# Day 2 — Solutions Notebook

*Auto-generated notebook based on provided lecture slides.*

## Solutions — Day 2: Introduction & Visualization
This notebook contains worked solutions and short explanations.

In [None]:
# Setup: installs (uncomment the !pip lines if needed) and imports
# If running in a managed environment (e.g.
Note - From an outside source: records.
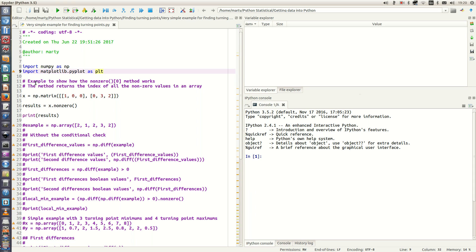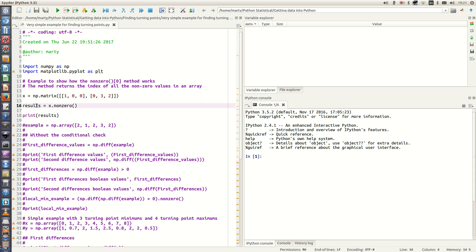Firstly I'm going to show how to use the nonzero method to obtain locations of our turning points. I have in this example a 3 by 3 matrix called X with values 1, 0, 0, 0, 3, 2. To find the non-zero values in that matrix we use X.nonzero() and then print the results.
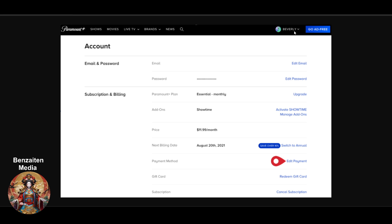Once you go to the account section, you will find under subscription and billing there is an option called payment method. As you can see here, this is my payment method, and you have to click on edit payment to edit it.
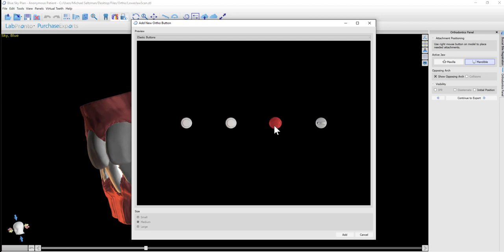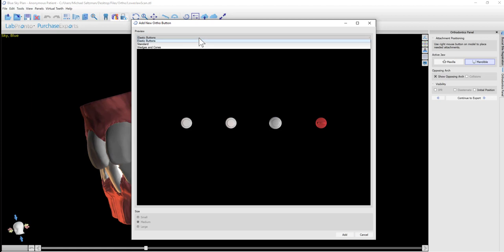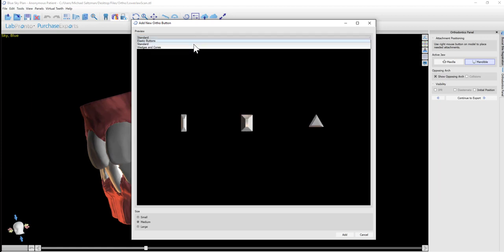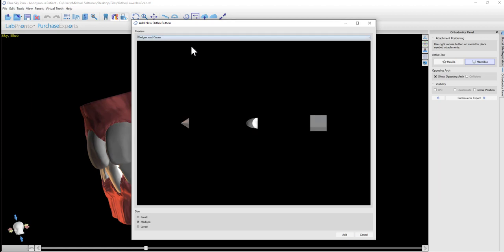You'll be able to select the button that you want to add, or you could check the different libraries that we have to see the different shapes. Select the size: small, medium, or large, and then click on the Add button.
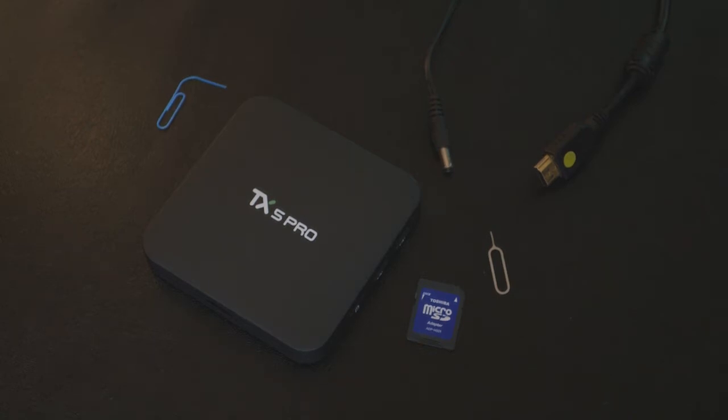OK, so this guide shows you how to manually install the firmware for the TX5 Pro.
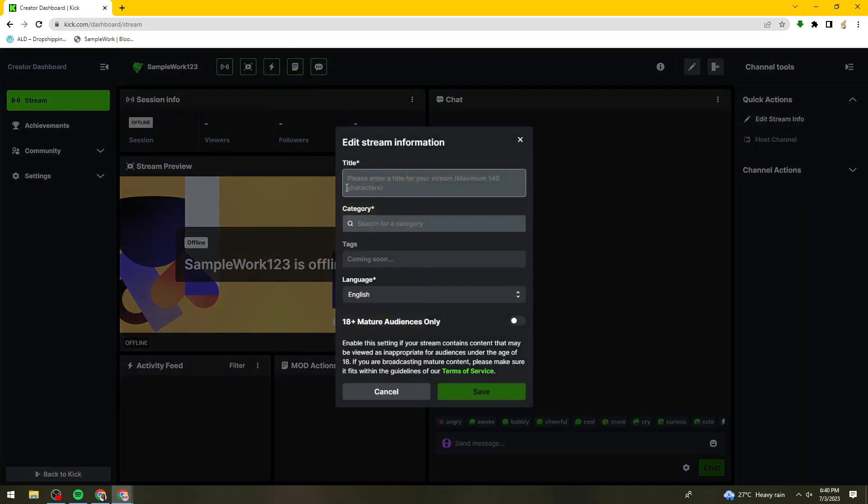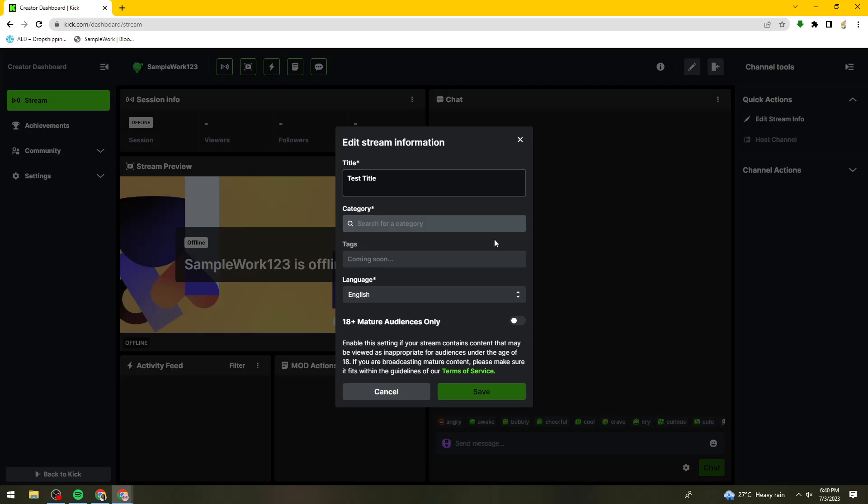Here you can now put the title of your stream. There's a maximum of 140 characters. For example, I'm going to put Test Title.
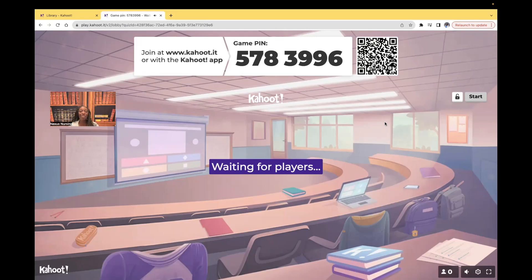Hi guys, it's me, Professor D, and welcome back to my YouTube channel. On this Kahoot, it's going to be a short one, but we're going to be going over oral cavity disorders.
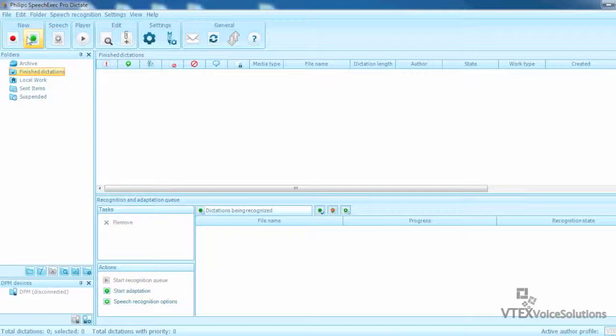Hi, this is Ryan Gaudet from VTEX Voice Solutions and I'm going to do a quick demonstration on using SpeechExec Pro Dictate 7 with Dragon Medical Practice Edition.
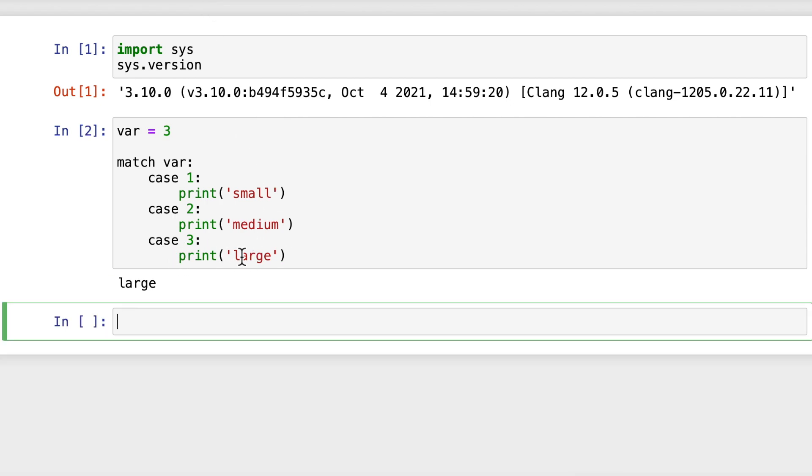So let's run that and we'll see what happens. So we get large. So that's a typical integer implementation. And I think that's probably one of the most common, either integer or strings.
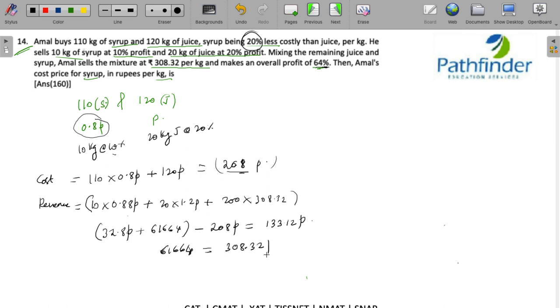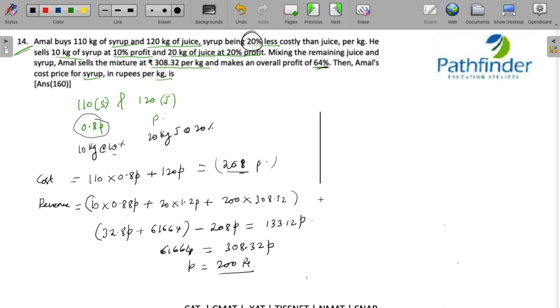308.32. And if you solve for p, you will get the value of p as 200 rupees. But we have been asked the cost price of syrup, which is 0.8p. So 0.8 into 200 will give me 160 rupees. The question itself was simple but involved some calculations.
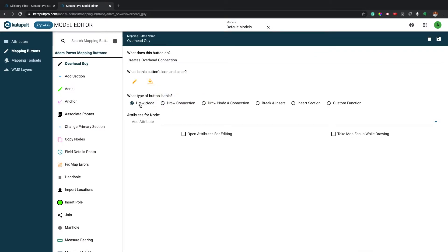Select a button type based on the functionality your workflow needs. Custom functions can be used for advanced features but this will require custom coding from our developers. Contact us for more information.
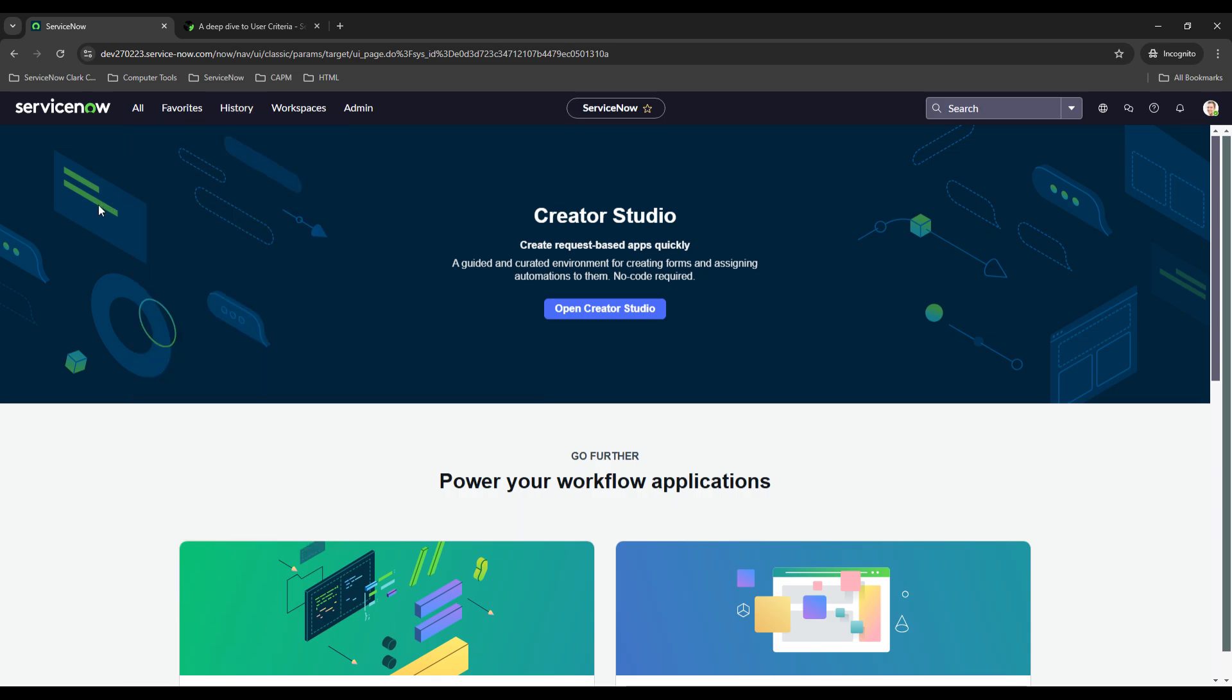In addition to that you can also whitelist and blacklist. So maybe there's certain sections within like maybe you want to blacklist certain users from being able to access it, you can do that as well. So you can get as creative with it as you need to.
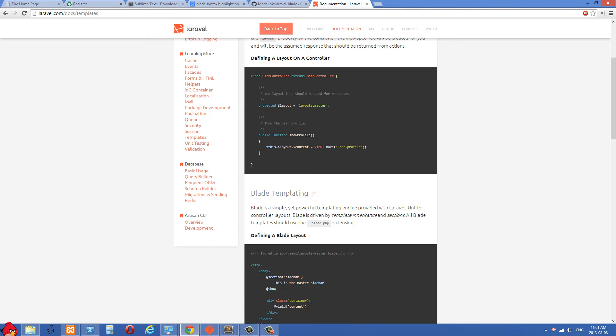So this is my first tutorial series on Laravel, and I thought what we could do in this series is make a register and login system. The reason why I want to do that is it's a way for us to get familiar with different parts of the framework.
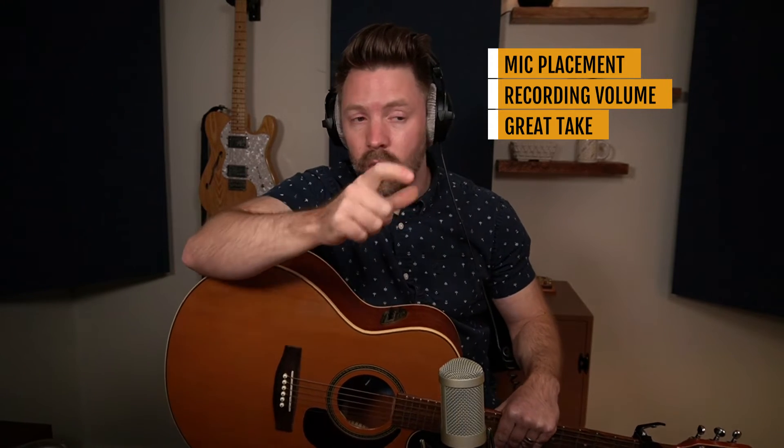And then finally, the third is getting a great take or recording. Now this means being super in tune, not being just a little bit out of tune, being really in tune, being really in time so that you're really locked in with the timing of all the other elements in the recording, and then getting the right performance in the way that you want to play it. A little bit obvious, but it's worth saying.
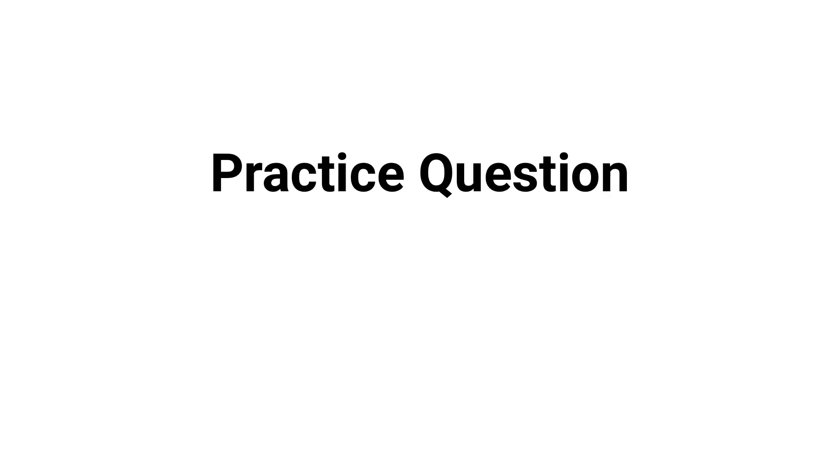What's up guys, in this video we're gonna break down a practice question about pulmonary function testing. Are you ready? Let's go.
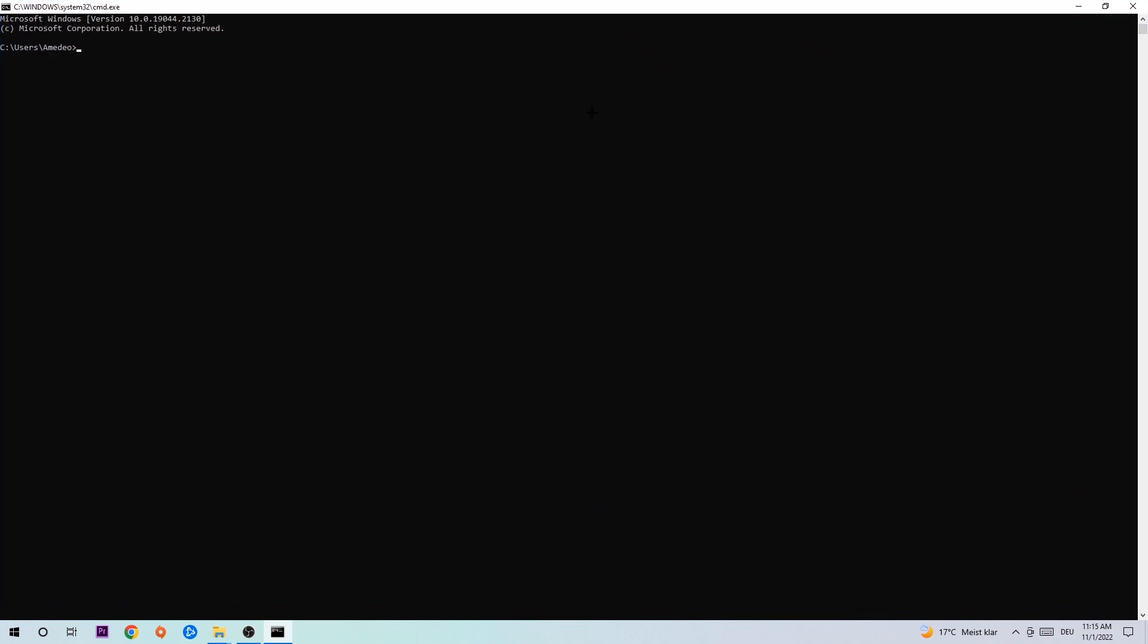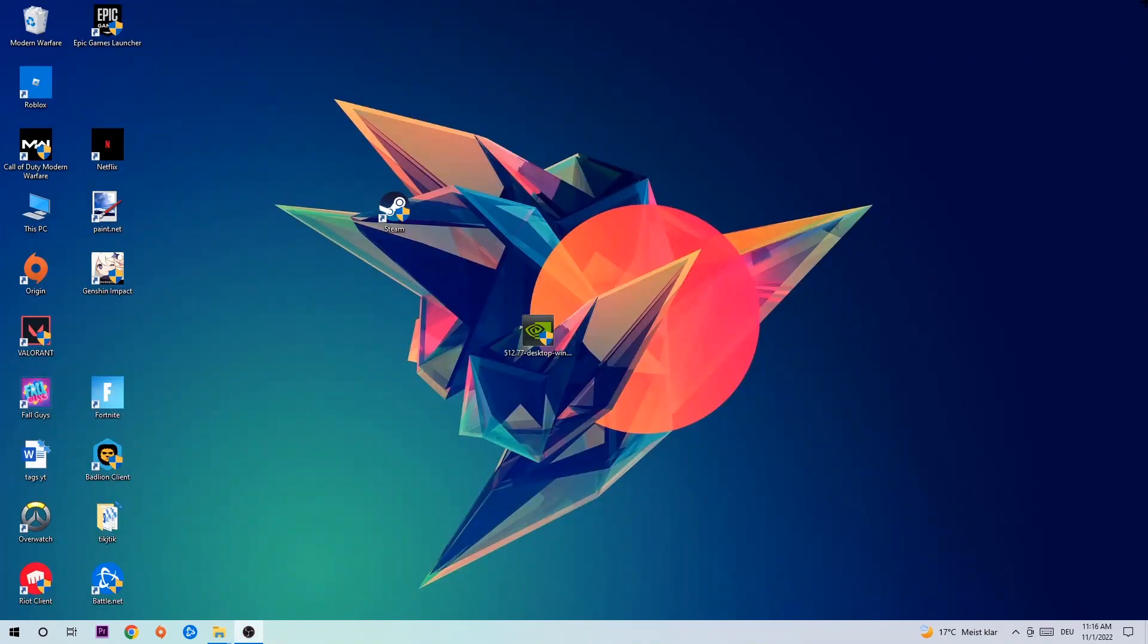This tab will pop up and I want you to type in ipconfig space slash flush DNS and hit enter. Once it is successfully flushed as you can see, you should be able to end this task again.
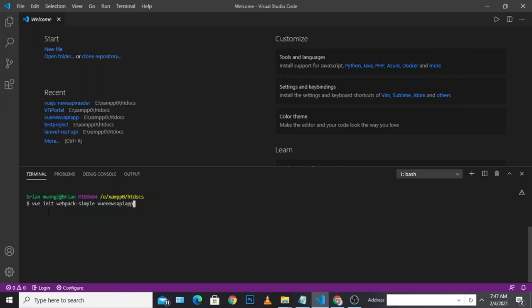Once you hit enter, it should be able to install the Vue news API app in our local folder so you can get started with Vue. Just run 'vue init webpack' and then click enter. It will start to install the Vue components and anything else we need to use in our Vue project.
Google Colab), uncomment the pip installs below.
# !pip install pandas numpy seaborn plotly scikit-learn matplotlib

import pandas as pd, numpy as np
import seaborn as sns
import matplotlib.pyplot as plt
import plotly.express as px
from sklearn.model_selection import train_test_split
from sklearn.preprocessing import StandardScaler, MinMaxScaler, OneHotEncoder
from sklearn.impute import SimpleImputer
from sklearn.linear_model import LogisticRegression
from sklearn.neighbors import KNeighborsClassifier
from sklearn.tree import DecisionTreeClassifier
from sklearn.metrics import accuracy_score, precision_score, recall_score, f1_score, confusion_matrix, roc_auc_score, roc_curve
sns.set_theme(style='whitegrid')

# Load dataset (seaborn's titanic dataset) - we'll use this across all notebooks
df = sns.load_dataset('titanic')
df_original = df.copy()  # keep a pristine copy
print('Loaded titanic dataset with shape:', df.shape)
df.head()


### Exploration (solution)

In [None]:
print(df.info())
print('\nNumeric summary:')
print(df.describe(include='all'))
print('\nMissing values per column:')
print(df.isna().sum())


### Visualizations (solutions with alternatives)

In [None]:
# Survival rate per class (solution)
surv_by_class = df.groupby('class', observed=True)['survived'].mean().reset_index()
surv_by_class['survived_pct'] = surv_by_class['survived']*100
print(surv_by_class)
fig = px.bar(surv_by_class, x='class', y='survived_pct', title='Survival rate per class (percent)')
fig.update_yaxes(title='Survival rate (%)')
fig.show()

# Alternative: stacked bar with counts
counts = df.groupby(['class','survived']).size().reset_index(name='count')
fig = px.bar(counts, x='class', y='count', color='survived', barmode='stack', title='Counts: survived vs not')
fig.show()

# Example of misleading visualization (demonstration)
# Create a truncated y-axis to show how it can be misleading
import plotly.graph_objects as go
fig = go.Figure(go.Bar(x=['A','B','C'], y=[10,11,12]))
fig.update_layout(title='Truncated y-axis example (misleading)')
fig.update_yaxes(range=[9.5,12])
fig.show()

# Explain: truncating the y-axis makes small differences look large.

### Notes for instructors
- Emphasise labeling axes, titles, and choosing appropriate charts.
- For beginners, stick to bar/hist/box/scatter; avoid 3D charts.